Accueil > Université (problèmes et débats) > Slow Science – La désexcellence, par Olivier P. Gosselain - blog de Paul (...)

Slow Science – La désexcellence, par Olivier P. Gosselain - blog de Paul Jorion, 23 août 2011

lundi 5 septembre 2011, par Laurence

Ça a commencé comme ça. Une poignée de collègues issus de disciplines différentes, l’envie de travailler ensemble, un financement de cinq ans, des séminaires réguliers où le plaisir d’échanger se mêlait à un sentiment grisant de progression et, au final, des objets d’étude, des rencontres et des résultats qui dépassaient de loin nos attentes initiales. [1] Une belle histoire de recherche, en somme, pour une petite communauté regroupant des académiques, des doctorants et des étudiants.

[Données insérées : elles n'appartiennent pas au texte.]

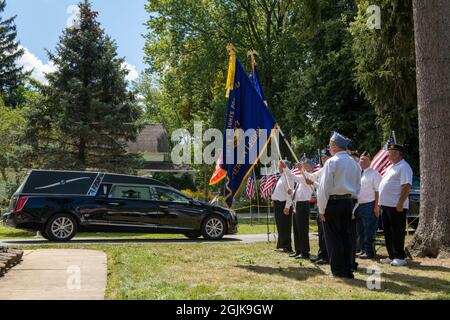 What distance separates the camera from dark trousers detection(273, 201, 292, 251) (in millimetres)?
11617

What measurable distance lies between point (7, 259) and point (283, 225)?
224 inches

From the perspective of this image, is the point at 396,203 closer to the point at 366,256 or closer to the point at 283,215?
the point at 366,256

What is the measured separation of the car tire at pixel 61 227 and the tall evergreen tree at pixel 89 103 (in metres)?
9.35

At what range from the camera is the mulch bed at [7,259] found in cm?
765

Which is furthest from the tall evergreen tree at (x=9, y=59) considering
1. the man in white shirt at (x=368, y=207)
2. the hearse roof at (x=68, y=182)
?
the man in white shirt at (x=368, y=207)

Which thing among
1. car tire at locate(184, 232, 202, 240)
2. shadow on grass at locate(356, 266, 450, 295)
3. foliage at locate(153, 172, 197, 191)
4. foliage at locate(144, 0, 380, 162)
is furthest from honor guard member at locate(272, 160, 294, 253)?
foliage at locate(153, 172, 197, 191)

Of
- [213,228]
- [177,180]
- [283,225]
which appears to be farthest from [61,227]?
[177,180]

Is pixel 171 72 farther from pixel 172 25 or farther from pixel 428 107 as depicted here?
pixel 428 107

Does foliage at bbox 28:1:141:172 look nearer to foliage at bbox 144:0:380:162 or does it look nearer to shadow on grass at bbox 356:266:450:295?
foliage at bbox 144:0:380:162

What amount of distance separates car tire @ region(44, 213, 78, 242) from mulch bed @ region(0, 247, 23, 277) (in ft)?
16.8

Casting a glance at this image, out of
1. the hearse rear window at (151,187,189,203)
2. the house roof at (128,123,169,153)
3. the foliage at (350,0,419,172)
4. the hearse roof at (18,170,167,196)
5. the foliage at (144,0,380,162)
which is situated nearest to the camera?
the foliage at (350,0,419,172)

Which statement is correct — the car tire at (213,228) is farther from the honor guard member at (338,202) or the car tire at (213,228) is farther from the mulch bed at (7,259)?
the honor guard member at (338,202) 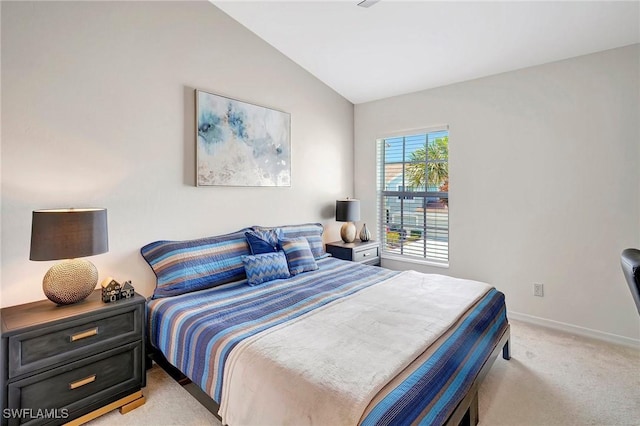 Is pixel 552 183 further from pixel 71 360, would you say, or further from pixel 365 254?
pixel 71 360

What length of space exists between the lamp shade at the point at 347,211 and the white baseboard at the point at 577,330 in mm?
1945

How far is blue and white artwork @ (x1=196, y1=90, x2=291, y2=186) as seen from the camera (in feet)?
Result: 9.10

Le groupe n’avait pas en commun que des objectifs scientifiques. Il partageait aussi une conception de la recherche et des relations entre chercheurs centrée sur la convivialité, l’intelligibilité, l’échange et la volonté de bien faire son travail. Rien de révolutionnaire à première vue. Mais le décalage avec les politiques de recherche développées par nos institutions nationales et internationales était pourtant flagrant. Il y avait loin, en effet, entre ces valeurs et les injonctions de productivité, de rentabilité et d’immédiateté inlassablement ressassées par nos managers académiques.

Frappés par ce décalage et convaincus que notre façon de procéder était humainement et scientifiquement plus satisfaisante, nous avons esquissé l’idée d’un mouvement Slow Science – sorte de doigt d’honneur académique à ce Nouvel Ordre de la recherche. La filiation avec Slow Food était d’autant plus évidente que deux des valeurs qui nous tenaient à cœur étaient le plaisir et la créativité. Ici encore, rien de révolutionnaire. Retirez ça de la recherche : que reste-t-il ?

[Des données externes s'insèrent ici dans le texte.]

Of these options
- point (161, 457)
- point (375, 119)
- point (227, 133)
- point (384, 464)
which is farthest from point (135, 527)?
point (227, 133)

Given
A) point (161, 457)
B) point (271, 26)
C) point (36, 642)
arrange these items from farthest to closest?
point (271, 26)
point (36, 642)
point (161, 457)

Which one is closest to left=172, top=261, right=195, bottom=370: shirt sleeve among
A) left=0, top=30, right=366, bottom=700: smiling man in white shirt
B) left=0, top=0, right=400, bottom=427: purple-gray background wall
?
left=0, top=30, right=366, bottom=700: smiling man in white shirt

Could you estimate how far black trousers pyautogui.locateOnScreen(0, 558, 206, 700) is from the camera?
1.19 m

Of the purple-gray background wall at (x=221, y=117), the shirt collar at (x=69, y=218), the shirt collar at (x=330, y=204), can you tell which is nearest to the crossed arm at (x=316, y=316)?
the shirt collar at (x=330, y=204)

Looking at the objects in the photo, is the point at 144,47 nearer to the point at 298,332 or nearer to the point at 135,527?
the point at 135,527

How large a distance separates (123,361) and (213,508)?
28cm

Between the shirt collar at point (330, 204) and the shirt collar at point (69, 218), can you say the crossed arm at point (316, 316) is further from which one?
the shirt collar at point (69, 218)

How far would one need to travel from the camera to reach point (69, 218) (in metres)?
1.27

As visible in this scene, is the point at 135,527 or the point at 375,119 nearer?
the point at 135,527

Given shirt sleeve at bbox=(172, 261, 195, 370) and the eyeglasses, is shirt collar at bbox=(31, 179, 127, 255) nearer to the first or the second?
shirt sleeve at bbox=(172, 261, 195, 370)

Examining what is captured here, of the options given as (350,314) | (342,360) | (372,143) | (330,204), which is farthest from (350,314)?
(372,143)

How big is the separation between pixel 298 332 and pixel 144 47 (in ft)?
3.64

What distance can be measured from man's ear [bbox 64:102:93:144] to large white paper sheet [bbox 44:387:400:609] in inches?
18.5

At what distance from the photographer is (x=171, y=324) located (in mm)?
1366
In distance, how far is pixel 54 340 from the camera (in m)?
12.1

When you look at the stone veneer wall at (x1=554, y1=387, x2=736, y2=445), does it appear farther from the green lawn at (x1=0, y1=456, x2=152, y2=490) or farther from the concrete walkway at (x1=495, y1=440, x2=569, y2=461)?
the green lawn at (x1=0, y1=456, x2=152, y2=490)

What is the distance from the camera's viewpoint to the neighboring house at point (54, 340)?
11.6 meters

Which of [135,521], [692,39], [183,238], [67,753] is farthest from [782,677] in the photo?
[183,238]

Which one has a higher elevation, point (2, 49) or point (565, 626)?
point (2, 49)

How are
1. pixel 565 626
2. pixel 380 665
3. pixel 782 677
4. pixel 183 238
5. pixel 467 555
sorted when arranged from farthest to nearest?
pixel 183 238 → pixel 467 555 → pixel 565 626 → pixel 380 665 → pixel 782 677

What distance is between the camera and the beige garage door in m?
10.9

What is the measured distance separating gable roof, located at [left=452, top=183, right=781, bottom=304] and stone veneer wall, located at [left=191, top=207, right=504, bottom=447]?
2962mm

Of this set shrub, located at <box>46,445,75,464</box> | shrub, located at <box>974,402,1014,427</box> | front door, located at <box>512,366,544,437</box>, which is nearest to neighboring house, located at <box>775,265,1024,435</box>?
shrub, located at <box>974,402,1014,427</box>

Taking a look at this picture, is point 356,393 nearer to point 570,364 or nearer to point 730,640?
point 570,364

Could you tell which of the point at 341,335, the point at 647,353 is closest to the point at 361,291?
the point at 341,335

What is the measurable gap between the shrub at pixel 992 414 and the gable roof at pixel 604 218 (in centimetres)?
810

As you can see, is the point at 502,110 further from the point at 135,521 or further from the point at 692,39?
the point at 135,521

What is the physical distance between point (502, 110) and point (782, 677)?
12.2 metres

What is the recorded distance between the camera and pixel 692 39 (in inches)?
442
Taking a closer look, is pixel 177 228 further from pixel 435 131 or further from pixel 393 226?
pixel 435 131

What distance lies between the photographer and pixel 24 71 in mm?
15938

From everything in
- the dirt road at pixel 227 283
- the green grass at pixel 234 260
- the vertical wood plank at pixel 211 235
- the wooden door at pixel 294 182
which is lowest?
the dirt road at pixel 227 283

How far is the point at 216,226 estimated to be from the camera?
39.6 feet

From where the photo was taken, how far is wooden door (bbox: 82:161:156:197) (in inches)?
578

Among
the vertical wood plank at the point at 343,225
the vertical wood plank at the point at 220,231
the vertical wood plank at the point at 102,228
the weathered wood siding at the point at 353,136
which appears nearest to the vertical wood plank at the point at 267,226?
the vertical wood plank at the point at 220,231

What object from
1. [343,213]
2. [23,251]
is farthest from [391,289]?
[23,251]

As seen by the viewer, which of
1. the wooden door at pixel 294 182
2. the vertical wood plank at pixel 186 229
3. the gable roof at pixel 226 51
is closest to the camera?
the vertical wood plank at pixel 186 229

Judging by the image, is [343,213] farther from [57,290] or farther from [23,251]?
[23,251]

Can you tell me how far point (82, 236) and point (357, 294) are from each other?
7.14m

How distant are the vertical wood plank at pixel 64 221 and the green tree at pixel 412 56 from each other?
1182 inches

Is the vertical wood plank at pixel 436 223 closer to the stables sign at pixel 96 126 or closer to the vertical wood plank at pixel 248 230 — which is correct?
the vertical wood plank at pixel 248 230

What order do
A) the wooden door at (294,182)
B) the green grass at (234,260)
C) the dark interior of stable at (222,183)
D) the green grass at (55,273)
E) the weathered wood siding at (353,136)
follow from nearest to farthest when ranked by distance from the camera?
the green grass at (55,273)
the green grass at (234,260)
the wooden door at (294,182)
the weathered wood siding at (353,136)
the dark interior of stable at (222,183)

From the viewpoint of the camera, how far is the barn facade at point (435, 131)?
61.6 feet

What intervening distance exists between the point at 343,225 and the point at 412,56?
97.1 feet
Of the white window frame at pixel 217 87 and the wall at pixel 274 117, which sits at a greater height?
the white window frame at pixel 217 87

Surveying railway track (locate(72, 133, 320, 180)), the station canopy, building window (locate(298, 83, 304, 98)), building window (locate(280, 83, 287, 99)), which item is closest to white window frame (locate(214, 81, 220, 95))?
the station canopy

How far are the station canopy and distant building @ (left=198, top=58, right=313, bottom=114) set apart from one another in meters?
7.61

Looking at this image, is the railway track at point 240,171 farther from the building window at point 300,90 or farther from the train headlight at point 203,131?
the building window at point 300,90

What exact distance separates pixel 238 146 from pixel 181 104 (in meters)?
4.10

Le hasard a fait que nous avons été soumis quelques temps plus tard à une évaluation de laboratoire. L’outil destiné à mesurer nos performances était un formulaire standard, sorte de canif suisse du coaching en entreprise, avec son inévitable analyse SWOT [2]. C’était déconcertant de naïveté et presque embarrassant à remplir. Mais à une question au moins, portant sur notre conception de la recherche, nous avions apporté une réponse sincère : plaisir et créativité. Ce fut le point de rupture pour les duettistes en costume sombre qui pilotaient le groupe d’évaluation. De tels termes, nous affirmaient-ils, étaient tout simplement inacceptables. Indignes de figurer sur un formulaire d’évaluation et preuves évidentes de notre manque de sérieux.

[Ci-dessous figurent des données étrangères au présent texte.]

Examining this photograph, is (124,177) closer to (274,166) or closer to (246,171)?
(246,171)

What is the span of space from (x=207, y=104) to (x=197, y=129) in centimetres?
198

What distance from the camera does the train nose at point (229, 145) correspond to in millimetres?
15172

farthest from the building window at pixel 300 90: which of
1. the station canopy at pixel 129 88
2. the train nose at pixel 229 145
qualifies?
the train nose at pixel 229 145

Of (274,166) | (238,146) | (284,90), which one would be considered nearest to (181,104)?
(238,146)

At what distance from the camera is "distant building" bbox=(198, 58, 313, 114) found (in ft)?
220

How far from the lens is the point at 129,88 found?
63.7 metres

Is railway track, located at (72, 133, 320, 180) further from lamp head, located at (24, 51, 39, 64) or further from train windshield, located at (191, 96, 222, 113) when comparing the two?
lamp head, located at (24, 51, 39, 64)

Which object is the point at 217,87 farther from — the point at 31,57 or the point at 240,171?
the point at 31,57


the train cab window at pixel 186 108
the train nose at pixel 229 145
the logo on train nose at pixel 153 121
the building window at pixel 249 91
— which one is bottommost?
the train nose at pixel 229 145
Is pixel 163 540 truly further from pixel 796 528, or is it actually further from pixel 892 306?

Émergence d’une communauté

Les évaluateurs et leur rapport sont sortis de notre vie aussi rapidement qu’ils y étaient entrés. L’histoire serait donc sans conséquence, si elle ne soulignait l’énorme décalage qui s’est installé entre une conception bureaucratique de la recherche, fondée sur les préceptes de l’économétrie et de la communication d’entreprise, et sa pratique concrète, fondée sur l’engagement mutuel de chercheurs qui s’efforcent avant tout de faire honnêtement leur travail. Elle conduit également à s’interroger sur ce qu’apporte cette « excellence » dont on nous rabâche inlassablement les oreilles en termes de satisfaction et de réalisation personnelles.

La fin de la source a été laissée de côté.